▶ **TASK STATEMENT**
The required output is every line from the one containing "Nr 3 - J26 Luxury" through the last line of the listing below, copied exactly, pictures excluded.

▶ **RAW DATA**
*****
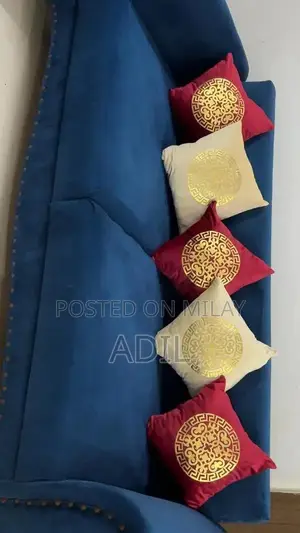 Modern Comfortable Sofa - Stylish Living Room Furniture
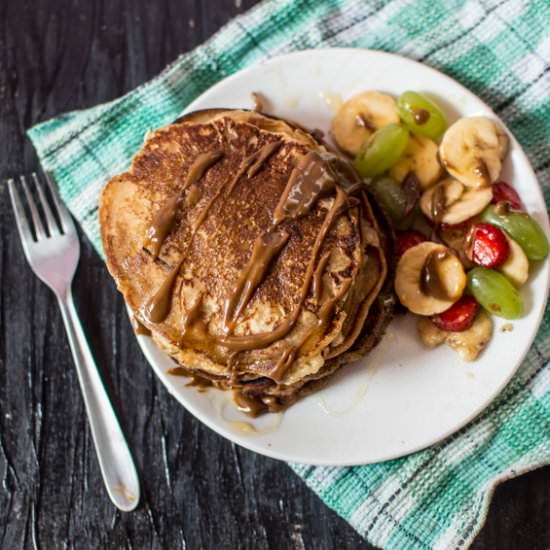Pancakes with Fresh Fruits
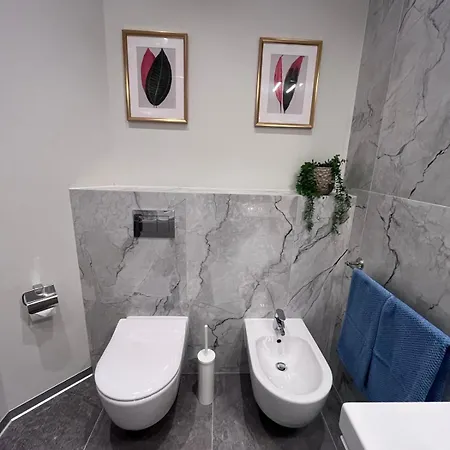 Nr 3 - J26 Luxury Aparthotel, Jauniela 26 Old - Great View&top Location - 2 Bedrooms - 80 M2 Riga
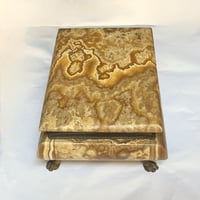 Image 7 of Boîte à bijoux en marbre onyx et pied pattes de lion en bronze de style XIXe - vintage 1970s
*****
▶ **THE COMPLETED TASK**
 Nr 3 - J26 Luxury Aparthotel, Jauniela 26 Old - Great View&top Location - 2 Bedrooms - 80 M2 Riga
 Image 7 of Boîte à bijoux en marbre onyx et pied pattes de lion en bronze de style XIXe - vintage 1970s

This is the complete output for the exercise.